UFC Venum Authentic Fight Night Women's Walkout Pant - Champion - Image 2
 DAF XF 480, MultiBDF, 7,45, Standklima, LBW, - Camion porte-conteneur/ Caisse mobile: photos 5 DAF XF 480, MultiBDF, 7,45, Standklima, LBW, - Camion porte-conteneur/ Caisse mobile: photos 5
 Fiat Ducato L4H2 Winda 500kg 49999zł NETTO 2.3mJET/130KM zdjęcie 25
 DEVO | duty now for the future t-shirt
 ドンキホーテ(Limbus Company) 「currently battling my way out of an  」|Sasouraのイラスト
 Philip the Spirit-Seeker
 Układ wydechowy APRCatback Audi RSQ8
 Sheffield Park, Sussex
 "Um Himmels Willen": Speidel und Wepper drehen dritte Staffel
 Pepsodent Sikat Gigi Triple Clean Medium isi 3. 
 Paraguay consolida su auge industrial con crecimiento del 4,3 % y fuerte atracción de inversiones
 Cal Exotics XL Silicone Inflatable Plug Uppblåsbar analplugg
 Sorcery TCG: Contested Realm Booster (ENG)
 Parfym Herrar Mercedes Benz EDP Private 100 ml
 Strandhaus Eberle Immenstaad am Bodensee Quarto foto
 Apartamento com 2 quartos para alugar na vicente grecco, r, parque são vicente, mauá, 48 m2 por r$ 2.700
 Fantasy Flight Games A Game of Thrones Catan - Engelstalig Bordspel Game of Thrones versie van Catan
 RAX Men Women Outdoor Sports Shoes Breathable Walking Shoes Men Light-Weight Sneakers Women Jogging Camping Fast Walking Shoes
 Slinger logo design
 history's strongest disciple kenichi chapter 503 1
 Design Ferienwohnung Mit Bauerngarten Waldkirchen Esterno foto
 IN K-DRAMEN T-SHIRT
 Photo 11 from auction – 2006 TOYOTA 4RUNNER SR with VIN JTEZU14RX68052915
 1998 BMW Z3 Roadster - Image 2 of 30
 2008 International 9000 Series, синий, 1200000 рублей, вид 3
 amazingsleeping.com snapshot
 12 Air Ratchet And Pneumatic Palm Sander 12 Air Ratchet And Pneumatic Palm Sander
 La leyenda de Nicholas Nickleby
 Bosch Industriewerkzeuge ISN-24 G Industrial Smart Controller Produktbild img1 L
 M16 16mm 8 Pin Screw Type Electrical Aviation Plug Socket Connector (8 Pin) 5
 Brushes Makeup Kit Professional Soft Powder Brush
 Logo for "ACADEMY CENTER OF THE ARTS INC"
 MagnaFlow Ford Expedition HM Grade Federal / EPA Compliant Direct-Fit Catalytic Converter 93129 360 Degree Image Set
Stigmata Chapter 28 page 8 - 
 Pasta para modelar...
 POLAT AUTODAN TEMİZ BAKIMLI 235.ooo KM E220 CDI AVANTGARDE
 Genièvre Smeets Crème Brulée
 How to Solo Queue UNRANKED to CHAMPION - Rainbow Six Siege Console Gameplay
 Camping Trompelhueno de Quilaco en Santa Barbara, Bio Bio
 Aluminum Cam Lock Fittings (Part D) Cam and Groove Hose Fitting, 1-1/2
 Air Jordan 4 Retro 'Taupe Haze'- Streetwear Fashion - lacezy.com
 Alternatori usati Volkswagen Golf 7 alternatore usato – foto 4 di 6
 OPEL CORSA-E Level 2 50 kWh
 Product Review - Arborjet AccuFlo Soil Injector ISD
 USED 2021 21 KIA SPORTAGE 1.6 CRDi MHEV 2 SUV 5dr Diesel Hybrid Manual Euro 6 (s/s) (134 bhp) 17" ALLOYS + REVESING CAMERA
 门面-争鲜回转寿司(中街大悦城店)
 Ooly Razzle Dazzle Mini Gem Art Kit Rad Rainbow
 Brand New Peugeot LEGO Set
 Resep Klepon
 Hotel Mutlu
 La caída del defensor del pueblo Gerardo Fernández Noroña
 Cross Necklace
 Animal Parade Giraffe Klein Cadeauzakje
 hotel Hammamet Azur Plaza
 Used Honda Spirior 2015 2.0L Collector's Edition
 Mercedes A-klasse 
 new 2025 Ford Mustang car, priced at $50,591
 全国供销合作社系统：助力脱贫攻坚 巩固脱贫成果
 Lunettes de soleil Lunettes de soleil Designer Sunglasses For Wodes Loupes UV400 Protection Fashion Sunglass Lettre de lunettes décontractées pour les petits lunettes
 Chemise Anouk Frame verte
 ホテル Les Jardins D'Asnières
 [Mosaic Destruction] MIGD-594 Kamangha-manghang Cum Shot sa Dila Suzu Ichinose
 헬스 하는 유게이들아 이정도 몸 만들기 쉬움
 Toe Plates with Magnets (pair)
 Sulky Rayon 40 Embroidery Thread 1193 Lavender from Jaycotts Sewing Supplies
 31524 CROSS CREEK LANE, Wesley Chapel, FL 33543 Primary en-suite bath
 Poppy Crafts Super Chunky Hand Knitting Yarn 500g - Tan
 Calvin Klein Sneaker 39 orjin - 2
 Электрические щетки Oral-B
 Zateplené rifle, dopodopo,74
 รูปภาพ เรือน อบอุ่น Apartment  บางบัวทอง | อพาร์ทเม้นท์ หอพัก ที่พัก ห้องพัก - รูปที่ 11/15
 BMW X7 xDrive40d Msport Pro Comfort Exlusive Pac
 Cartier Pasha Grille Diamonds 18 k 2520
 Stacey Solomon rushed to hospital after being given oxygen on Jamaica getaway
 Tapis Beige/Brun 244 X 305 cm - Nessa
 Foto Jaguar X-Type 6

......

> **Exercise description**
Within the data above, the span starting at the line containing "Resep Klepon" and ending at the line containing "Sulky Rayon 40" is to be retyped exactly, with no other lines.

> **Result**
 Resep Klepon
 Hotel Mutlu
 La caída del defensor del pueblo Gerardo Fernández Noroña
 Cross Necklace
 Animal Parade Giraffe Klein Cadeauzakje
 hotel Hammamet Azur Plaza
 Used Honda Spirior 2015 2.0L Collector's Edition
 Mercedes A-klasse 
 new 2025 Ford Mustang car, priced at $50,591
 全国供销合作社系统：助力脱贫攻坚 巩固脱贫成果
 Lunettes de soleil Lunettes de soleil Designer Sunglasses For Wodes Loupes UV400 Protection Fashion Sunglass Lettre de lunettes décontractées pour les petits lunettes
 Chemise Anouk Frame verte
 ホテル Les Jardins D'Asnières
 [Mosaic Destruction] MIGD-594 Kamangha-manghang Cum Shot sa Dila Suzu Ichinose
 헬스 하는 유게이들아 이정도 몸 만들기 쉬움
 Toe Plates with Magnets (pair)
 Sulky Rayon 40 Embroidery Thread 1193 Lavender from Jaycotts Sewing Supplies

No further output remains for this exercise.